Co-Parenting During the Holiday Season

  • divorce

The summer has turned to fall and the kids are back in their whirlwind school routines.  It seems as if in an instant, the holiday season is upon us again. If you have recently gone through a divorce or separation, you are also adjusting to co-parenting children who now have parents in separate households.  Along with maintaining several different schedules at once and trying to keep everyone happy, you now have the holidays thrown into the mix.

Parenting can be a juggling act even when you have a partner by your side every day for help and support. Managing your life with children after divorce or separation can often feel like a complete circus act. Now is more important than ever to remain organized with planning, create expectations and keep communication open.

The holidays were likely a magical time of year for the entire family.  With proper co-parenting, they can still be just that and more. Traditions are important, and although they may change slightly, it is important that they continue. The following are a few tips on how to keep organized during the holiday season after your divorce or separation:

  • Keep communication open and clear with the other parent. Be sure that you both have a calendar that you can use to track your agreements on certain days.
  • If your parenting plan has not already addressed specific holidays, you must discuss them now.  Talk about which holidays are the most important to each of you. Some of the smaller holidays might mean more to one person than the other, whereas the larger holidays will likely mean a lot to you both. This is where working out specifics is crucial. If you are already divorced and the parenting plan does not address all holidays, you should draft a written agreement and submit the agreement to the Court.  If you are separated and have not yet finalized a parenting plan, be sure that you devote a section of the parenting plan to holidays.
  • Never allow your children to choose with whom they will spend a holiday. This puts too much stress on everyone involved and someone’s feelings will be hurt. A consistent, established routine will work best.
  • Allow yourselves enough time to come up with a plan so that as the holidays approach everyone is prepared and has realistic expectations. Scrambling at the last minute will create chaos and an undesirable environment.
  • Make a list of the traditions that are important to each of you and then find a way to make them happen even if minor (or major) adjustments need to be made.
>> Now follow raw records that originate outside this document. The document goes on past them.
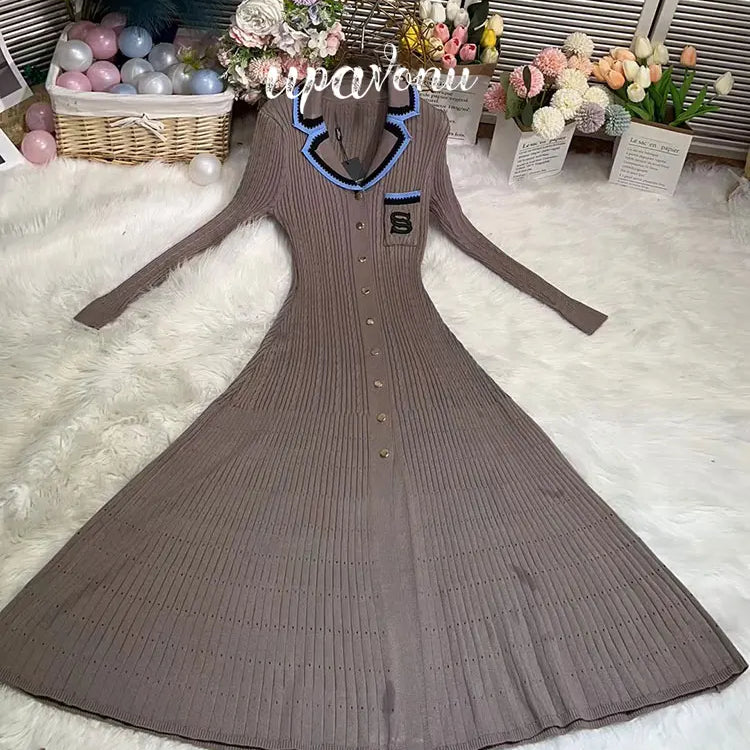 Elegant Women's Slim Fit Knitted Dress Fashionable Polo Neck Short Sleeve Single breasted Design Split Knitted Mid length Dress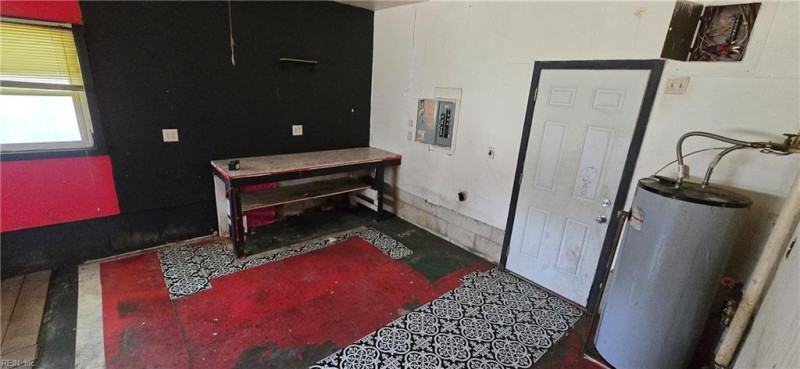 Photo 17 of 28 residential for sale in Portsmouth virginia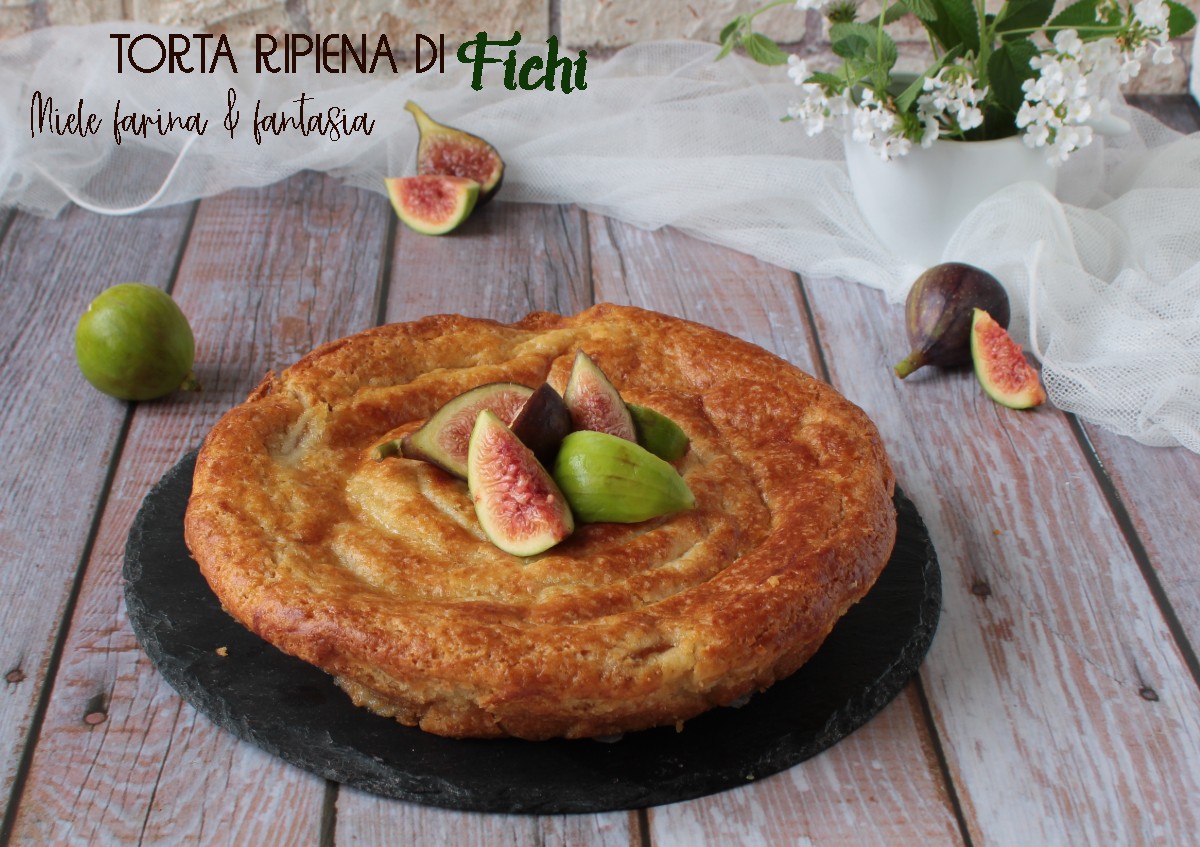 Mit Feigen gefüllter Kuchen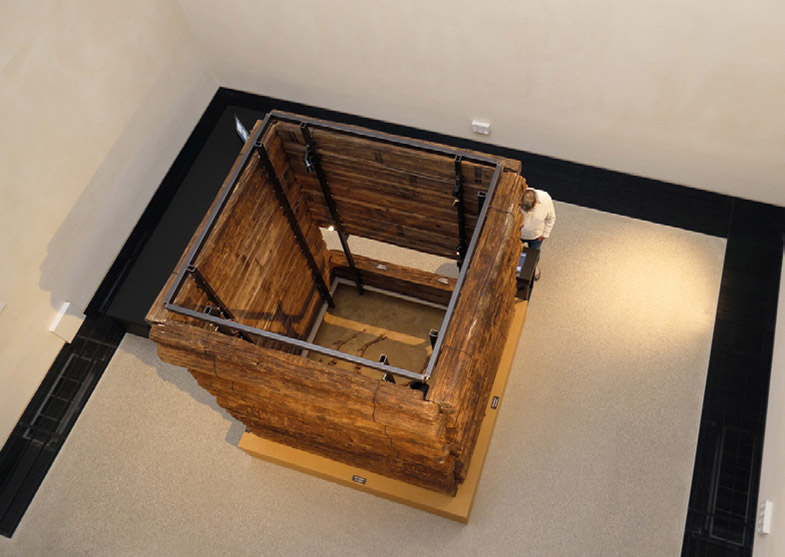 Brunnenschacht vom Marienhof, 13. Jh., mit skelettierter Kuh im Lichthof des Museumsbaus.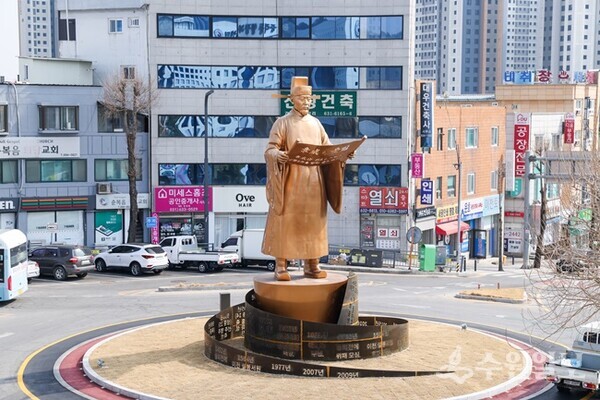 이천시 중리동 오거리에 재건립한 서희동상 모습. (사진=이천시)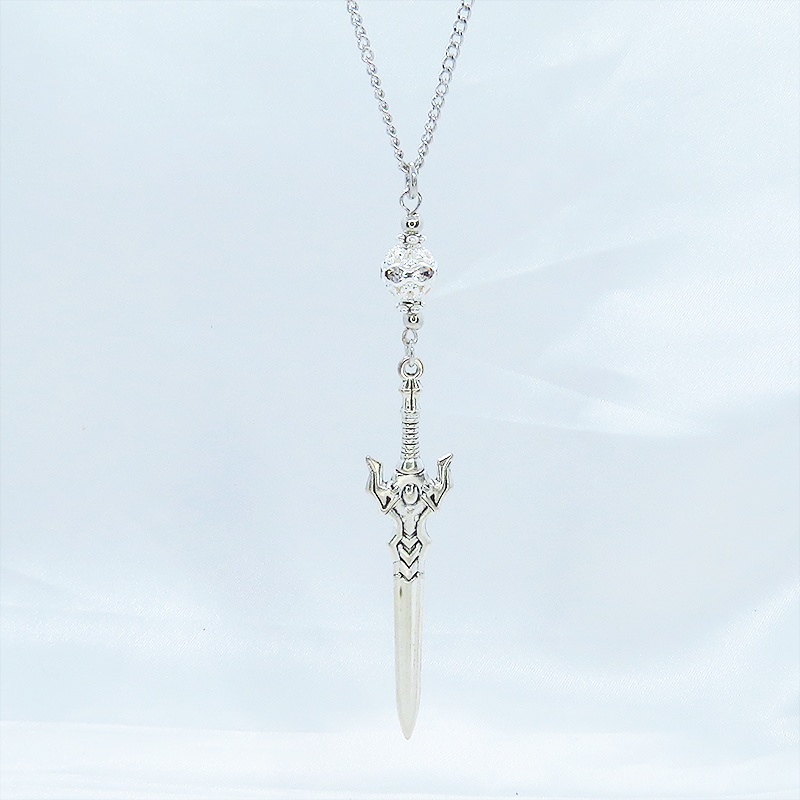 アンティークシルバー 両刃剣(ソード)モチーフとシルバーカラーメタルビーズを組合せたネックレス ラインストーン 長さ調整可 アジャスター可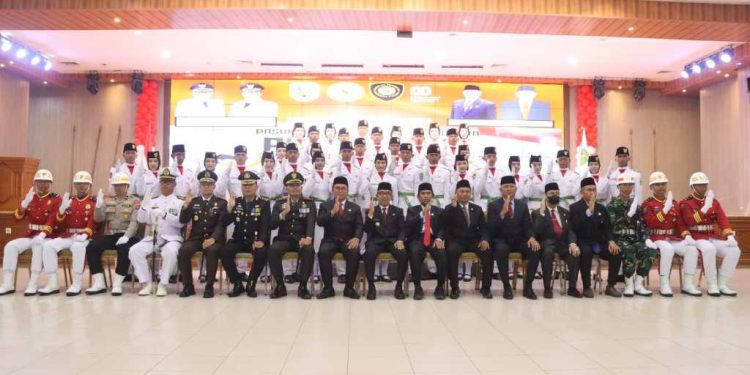 Bupati Ardiansyah Kukuhkan Paskibraka Kutim 2025, Siap Kibarkan Merah Putih pada 17 Agustus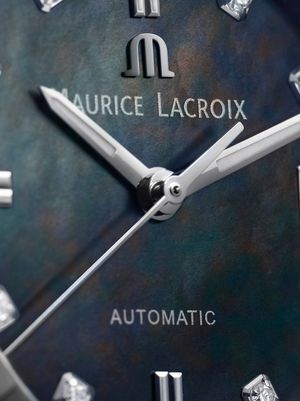 Maurice lacroix AI6006-SS002-370-1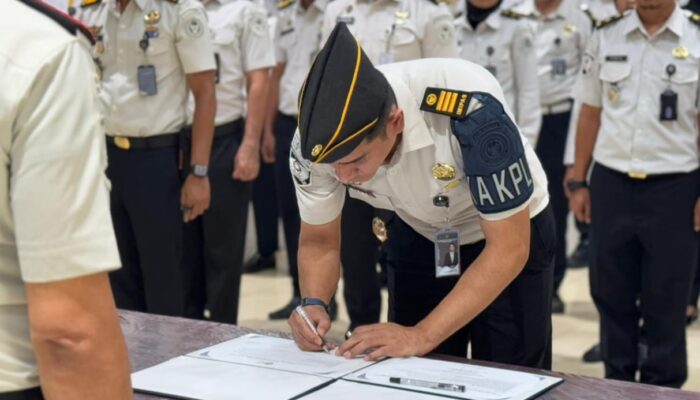 Perkuat Integritas, Kalapas Narkotika Karang Intan Laksanakan Ikrar Bersama Zero Halinar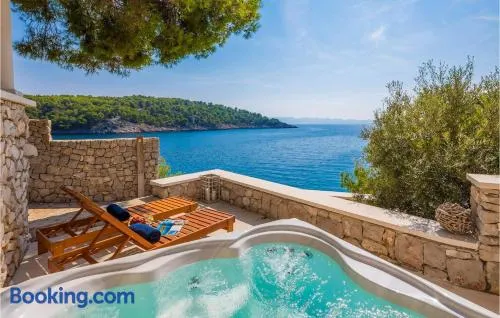 Seafront villa Marella - Image 1
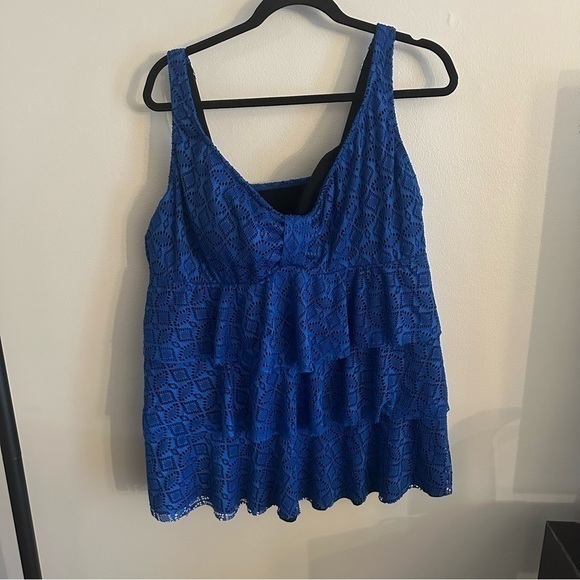 Catherines Other - Catherine’s Blue Size 20 Lined Padded Tankini Swim Top Ruffles Eyelet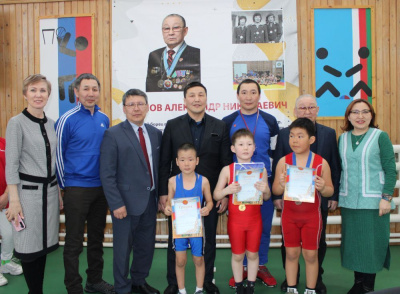 Стадион в Тас-Юряхе отныне носит имя олимпийского призера Александра Иванова /    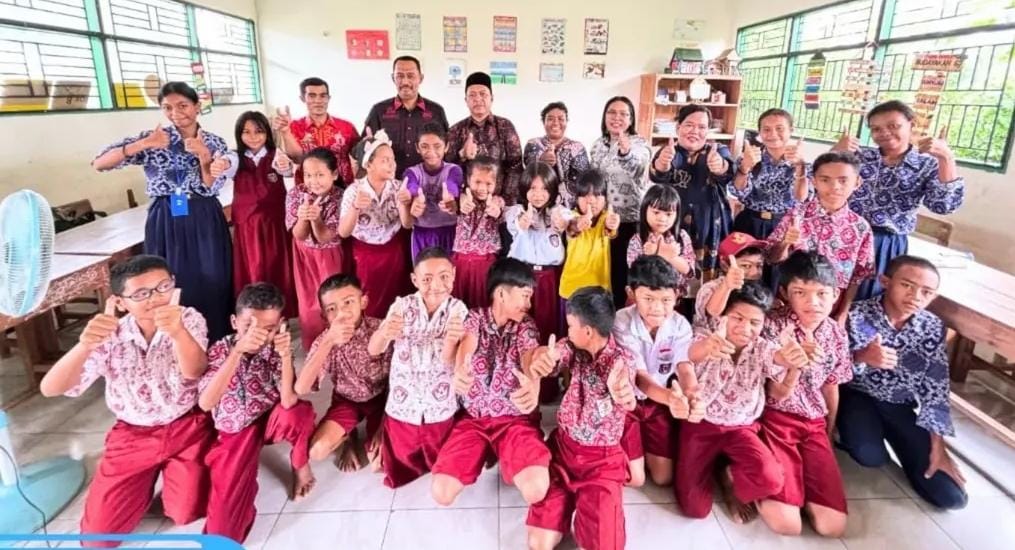 Foto bersama para siswa pascapembinaan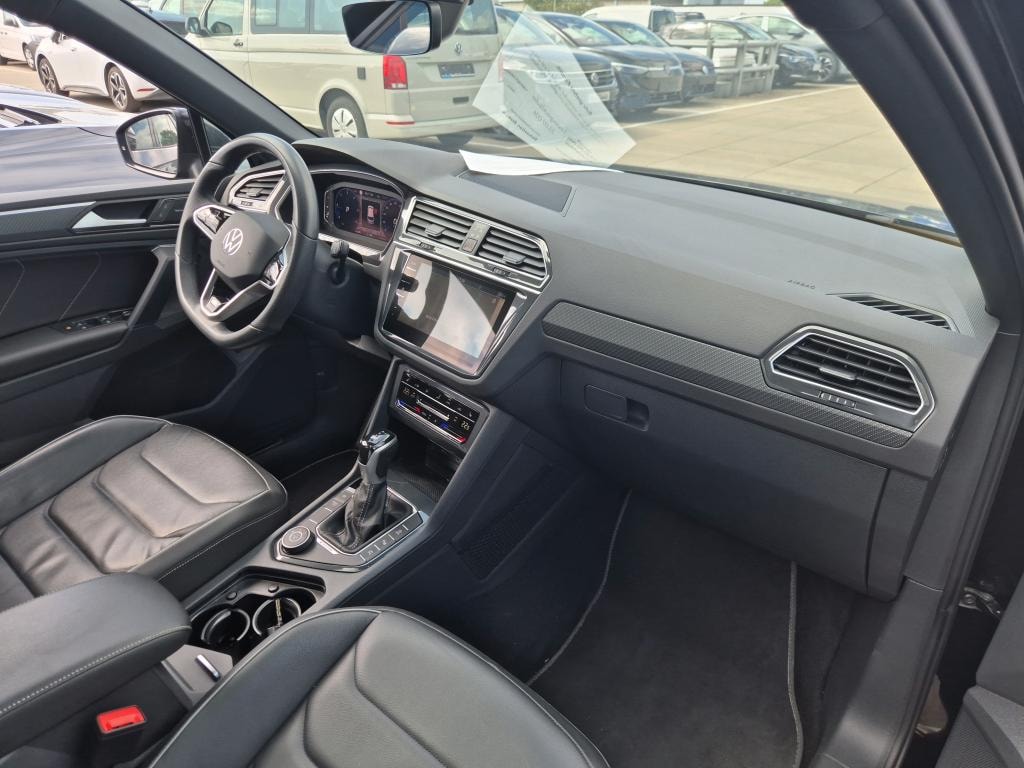 VW Tiguan 2.0 TDI SCR R-Line 4Motion DSG / Vollausstattung / Panorama-showroom-element-2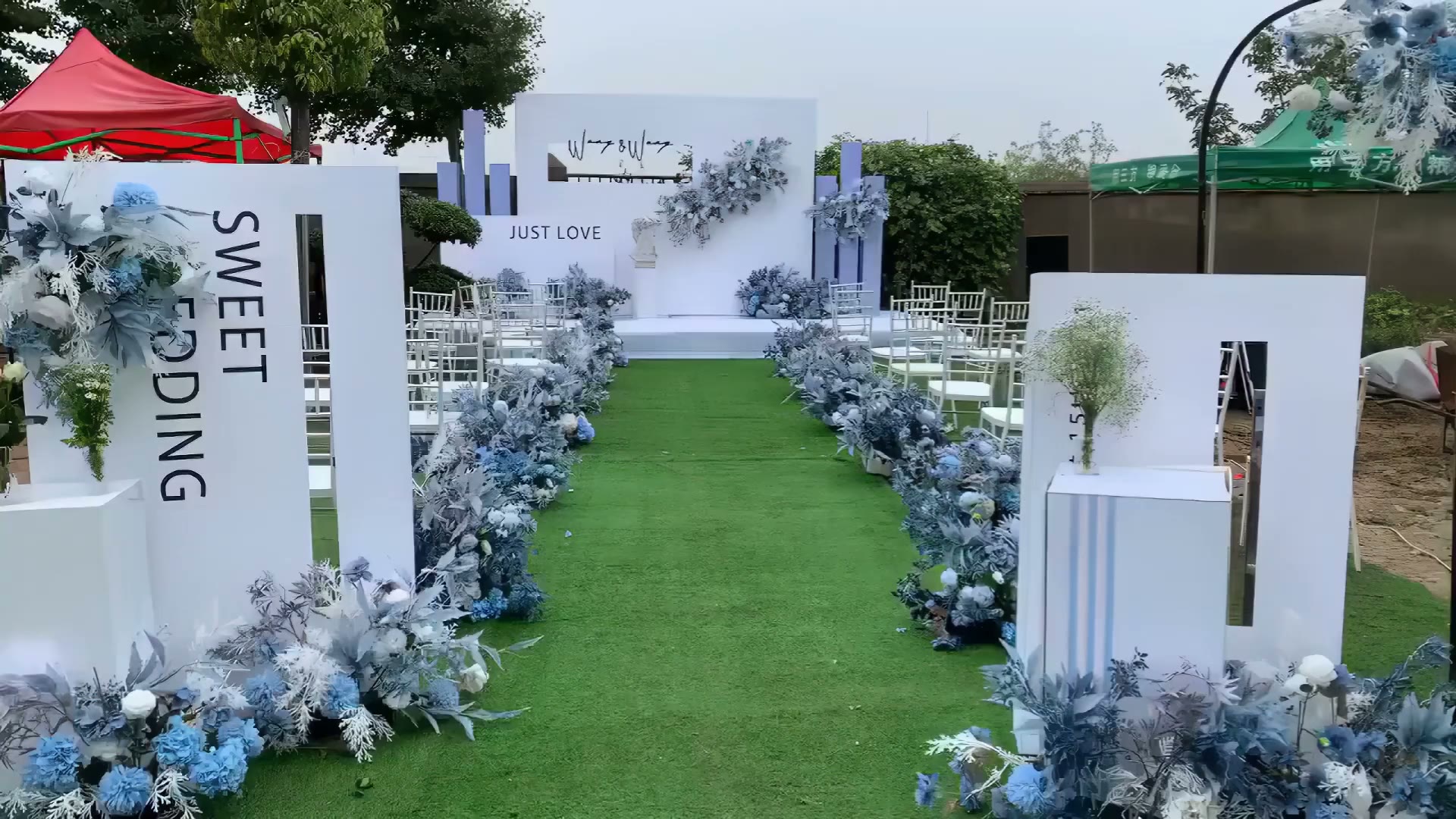 户外街道红蓝撞色复古秋系婚礼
Children work best with routine, so if they have always had the same set of traditions to look forward to, it will make it easier for them to adjust during the difficult time of divorce.

Maintaining an organized, well thought out schedule with the other parent after a divorce or separation is the best way to make the holiday season a little less stressful and more enjoyable for you as a parent and for your children. If you are having difficulty coming up with a plan, a professional Family Law attorney can help to guide you through a plan that is appropriate for everyone. The first year will be the most difficult, but as each year comes and goes and there are routines and traditions to look forward to, the holidays will surely become magical again.